**Work order:** From the line that has "A Grand View" down to the last line of the data below, set down every line exactly, but none of the pictures.

**Supplied data:**
......

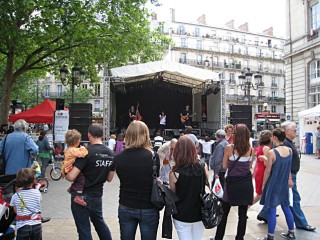 Il y a un concert sur la place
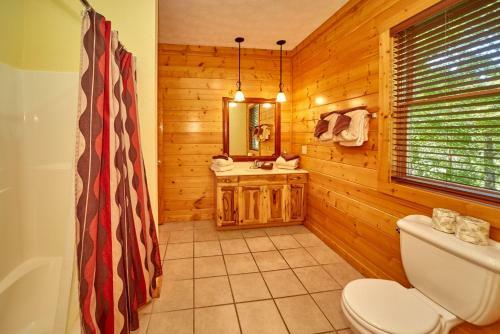 A Grand View Lodge #540 By Aunt Bug's Cabin Rentals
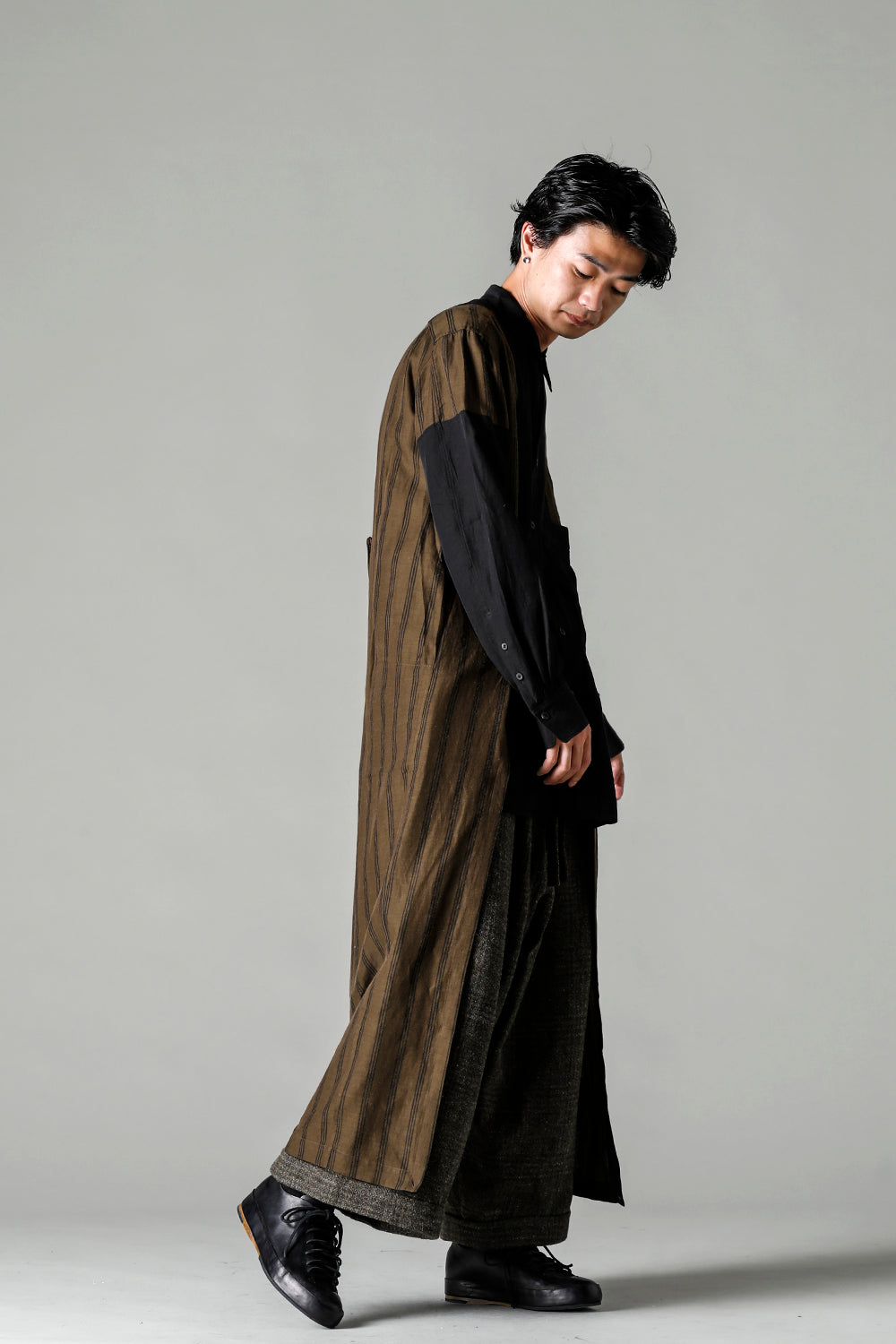 Bi-Color Front Slit Shirt Robe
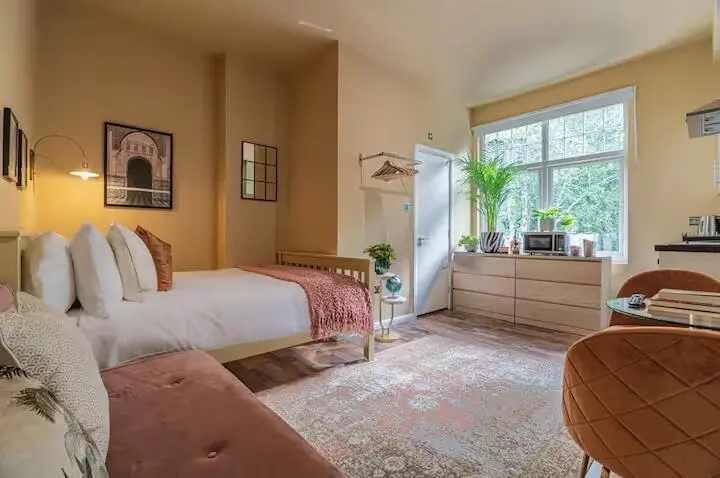 倫敦留子獨居天花板studio～可短租！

......

**Solution for this problem:**
 A Grand View Lodge #540 By Aunt Bug's Cabin Rentals
 Bi-Color Front Slit Shirt Robe
 倫敦留子獨居天花板studio～可短租！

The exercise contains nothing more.